La oración propiamente dicha comienza proclamando la grandeza del Dios de Israel y su fidelidad en el cumplimiento de las promesas. Pero el orante, Salomón en este caso, en seguida se enfrenta al misterio de Dios: Dios es trascendente a todo como creador de cielos y tierra, y al mismo tiempo, condescendiente hasta el punto de habitar en aquel Templo. ¿Cómo es esto posible? Dios está realmente en el cielo —viene a afirmarse en la oración—, pero también, al mismo tiempo y de algún modo, en el Templo donde ha querido que «esté su nombre», es decir, Él mismo en persona. Por eso, sigue afirmando la oración, Dios escucha desde el cielo al hombre cuando éste se dirige a Él en aquel Templo.

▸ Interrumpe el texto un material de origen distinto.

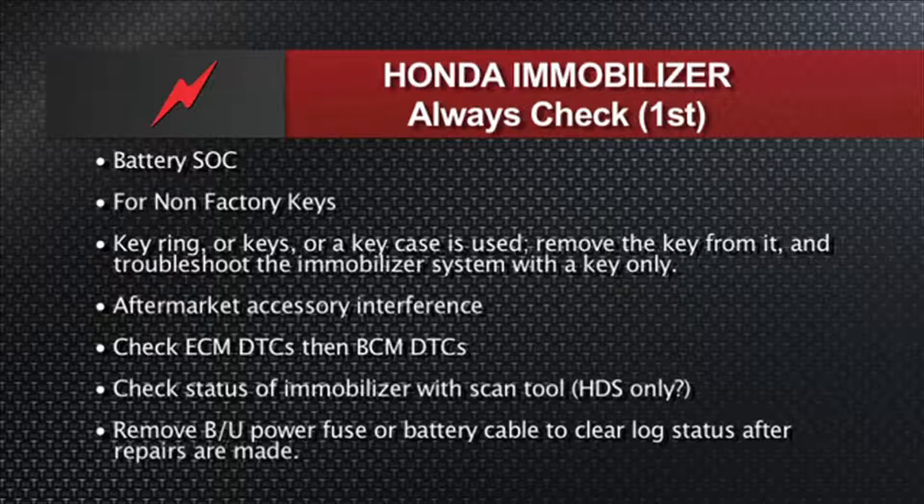Check the ECM first for trouble codes and then check the BCM. Also check the immobilizer status PID with the scan tool — though whether your scan tool can access Honda's immobilizer system is the big question, since aftermarket tools may work on some Hondas but not others, while the factory Honda tool will do them all. Remove the fuse and also the battery cable to clear the log status after you've done repairs on the immobilizer or programmed keys, so that the module basically starts at square one. That's Honda — not that hard. Typical Honda simplicity.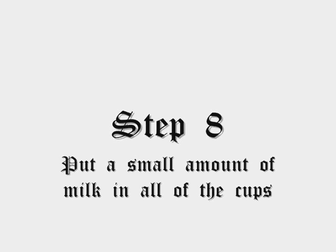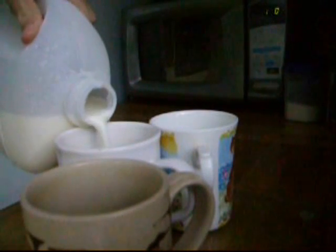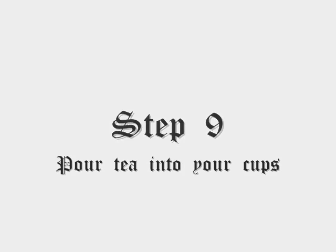Step 8: Pour a small amount of milk into all of the cups. Step 9: Pour tea into your cups.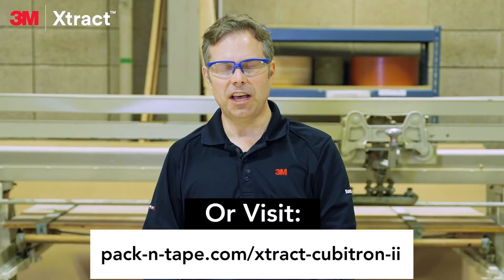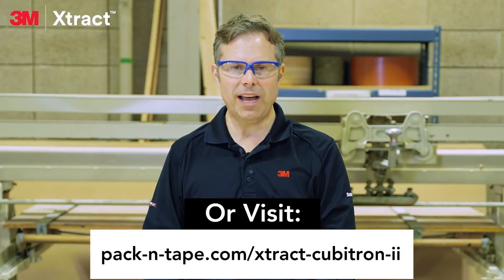Thanks for joining us today. To learn more, go to 3mextRACT.com.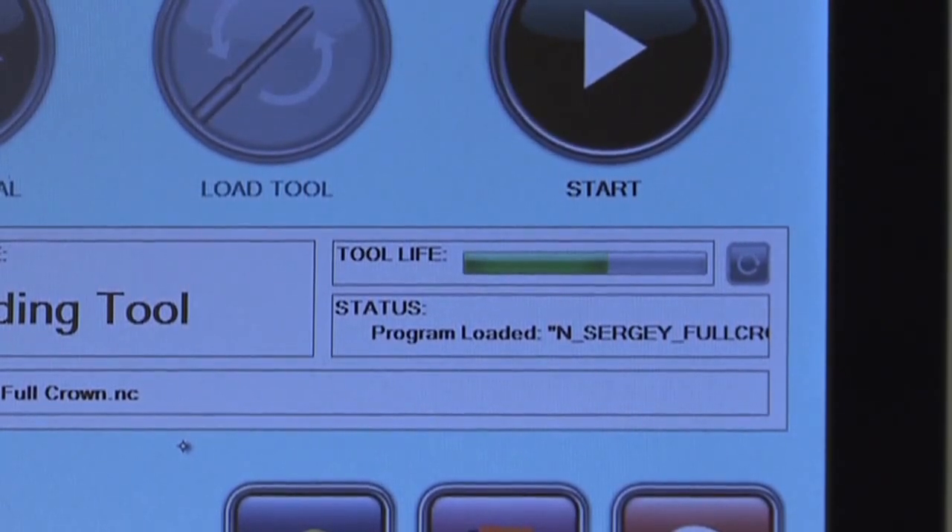The TS-150 keeps track of how many restorations have been milled with a particular tool and will prompt you to load a new tool if it has reached its useful life. The Tool Life Indicator provides a visual representation of how many more restorations can be milled before the tool will need to be changed.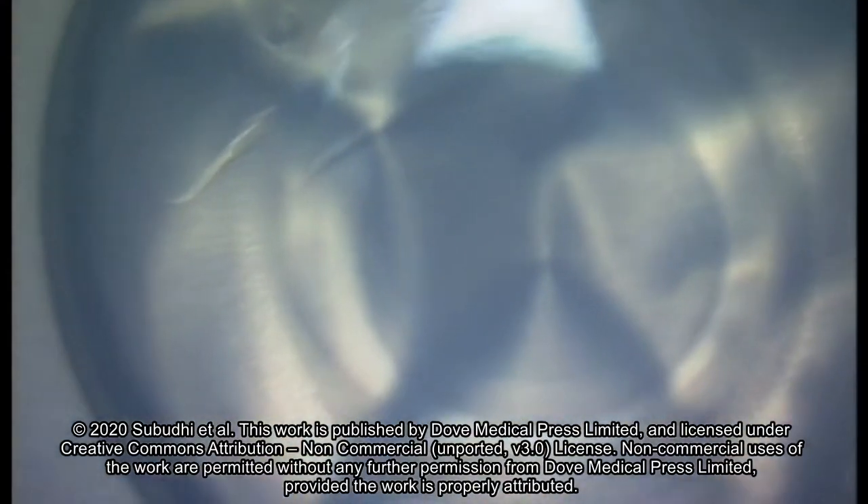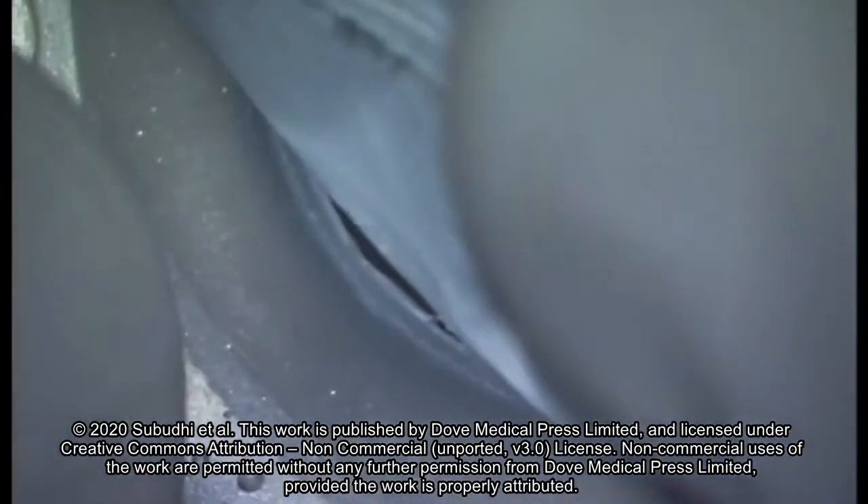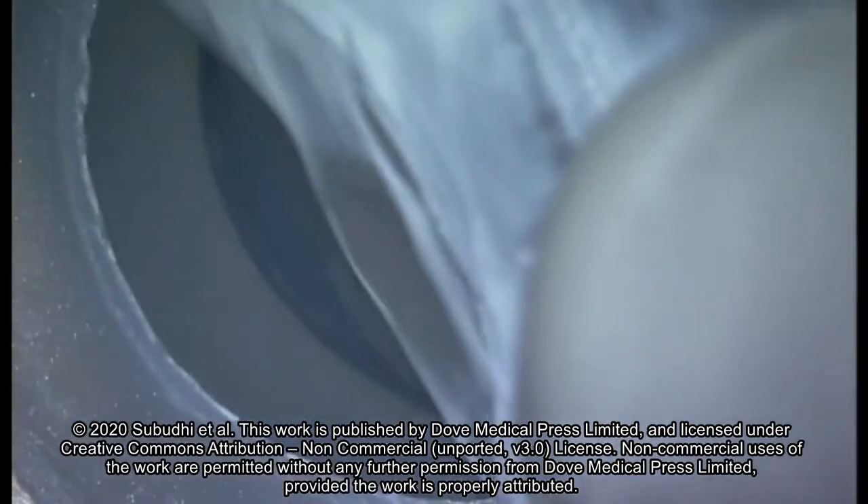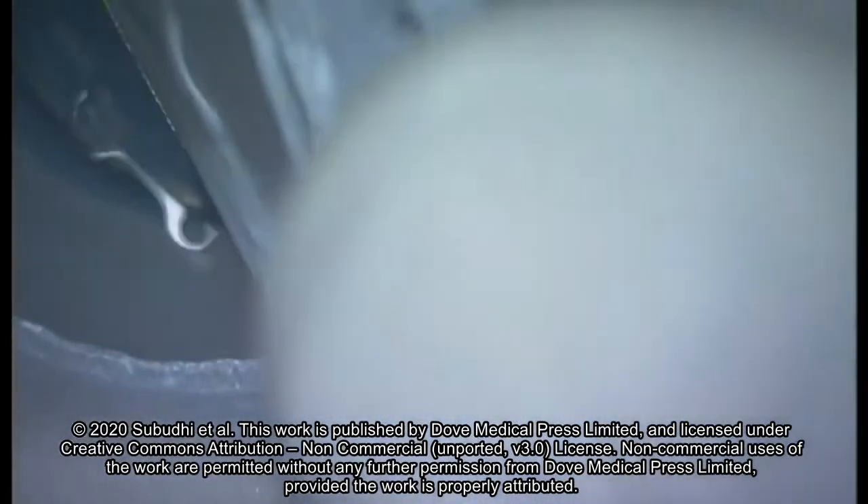Next, the aluminium foil is peeled from the pack's base, exposing the RIOL inside the sterile solution.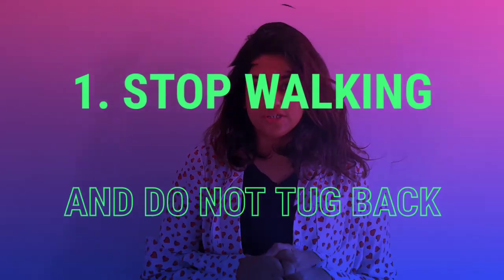Tip number one: to stop the leash biting behavior, stop walking and do not tug back. Most times, leash biting can be attributed to overstimulation and overexcitement on walks. While biting it, your dog is probably looking at the leash as any other tug toy. So when you tug back, your dog is going to apply more pressure in the opposite direction, just the way it happens in tug.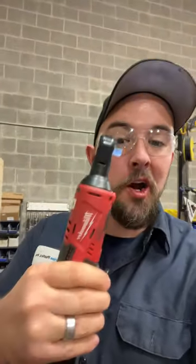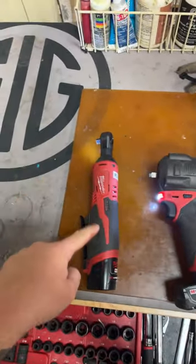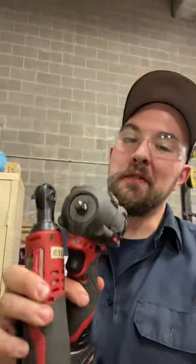It is absolutely flabbergasting how many people don't know what these things are made for and what they can handle. This is an impact gun and this is a ratchet — they are two different tools because they do two different things.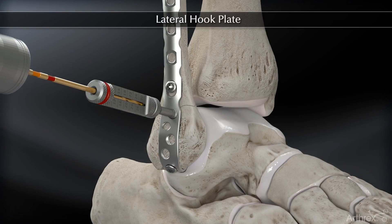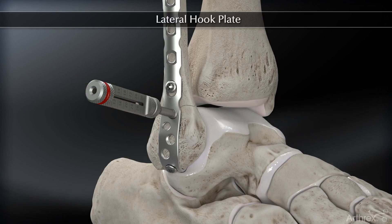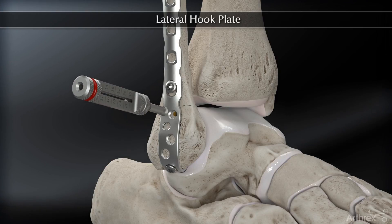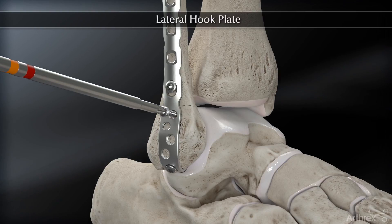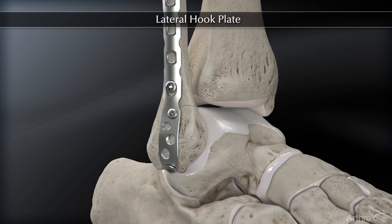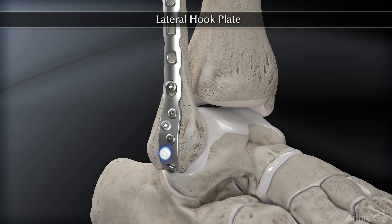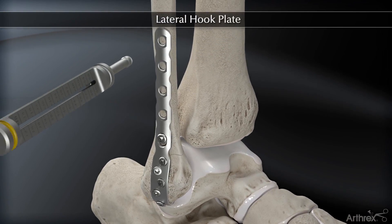The surgeon has the option of placing distal screws as necessary. These are either 2.7 millimeter locking screws or 3.0 millimeter Kinsella screws. The drill guide, drill bit, and screwdriver are color-coded for this step. In this case, all four screws are being filled with locking screws, but this is not a necessary step.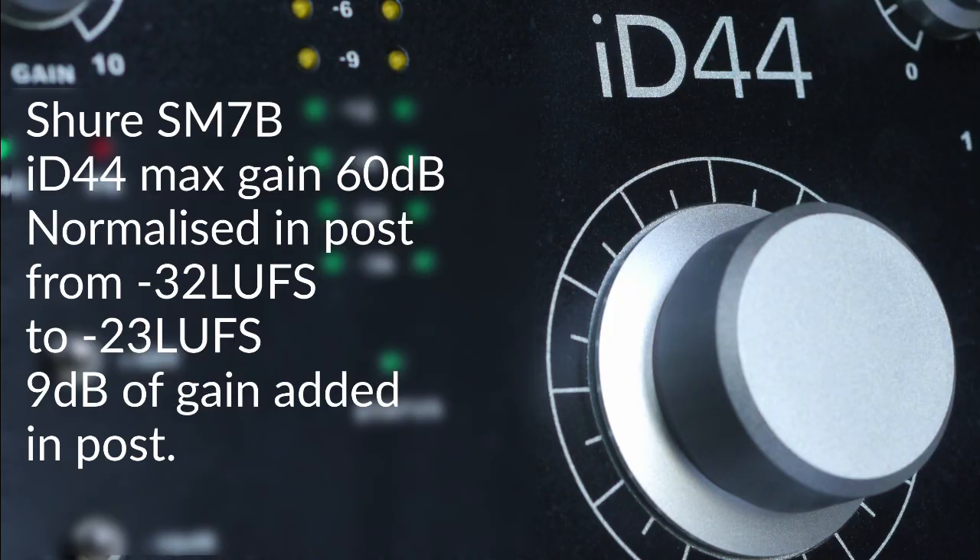So what we've been listening to so far is the SM7B plugged directly into the ID44 with the gain maxed out at 60dB. That file has then been normalized in post — as it came out of the recording it was at -32 LUFS, and it's been normalized to -23 LUFS, which is the broadcast standard, adding 9dB of loudness. This is the vanilla situation: no FetHead, no Cloudlifter, just gain in the ID44 and an SM7B with the loudness made up in post.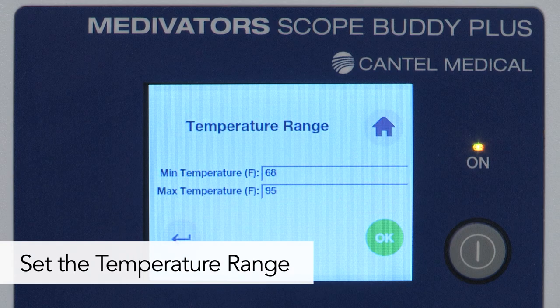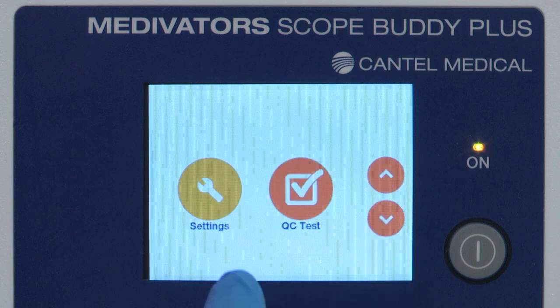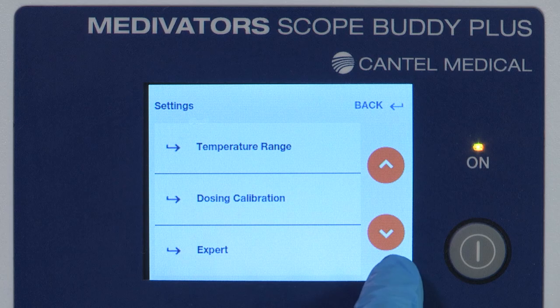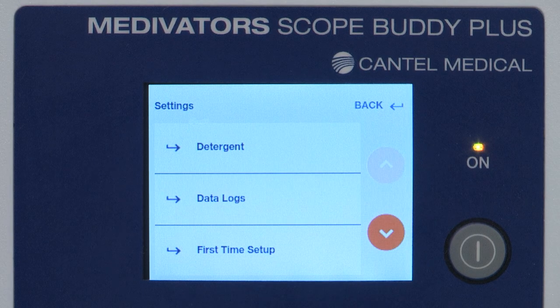When using temperature monitoring, the default temperature range is set for Intercept Detergent: 20 to 35 degrees Celsius or 68 to 95 degrees Fahrenheit. To adjust the temperature range, press the home button, use the down arrow to select Settings, enter the settings password, and use the down arrow to select Temperature Range. On the temperature range screen, touch inside the min and max temperature boxes to enter the minimum and maximum temperature range of the detergent. Press OK to confirm.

El Templo aparece como lugar de oración más que de sacrificios, y la actitud que el hombre debe tener al acudir al Templo y a la oración es la de una verdadera y profunda conversión, el reconocimiento de su pecado como causa de las desgracias que sufre. Esta oración de Salomón refleja así la doctrina y el espíritu del libro del Deuteronomio. Entre otros aspectos doctrinales subraya que mediante la conversión el hombre encuentra la liberación de los males, porque Dios perdona siempre. Conviene resaltar esta perspectiva, pues, como escribe San Juan Pablo II, «a menudo se considera la conversión y la contrición bajo el aspecto de las innegables exigencias que ellas comportan, y de la mortificación que imponen. Pero es bueno recordar y destacar que contrición y conversión son aún más un acercamiento a la santidad de Dios, un nuevo encuentro de la propia verdad interior, turbada y trastornada por el pecado, una liberación en lo más profundo de sí mismo y, con ello, una recuperación de la alegría perdida, la alegría de ser salvados, que la mayoría de los hombres de nuestro tiempo ha dejado de gustar» (S. Juan Pablo II, Reconciliatio et paenitentia, n. 31,3).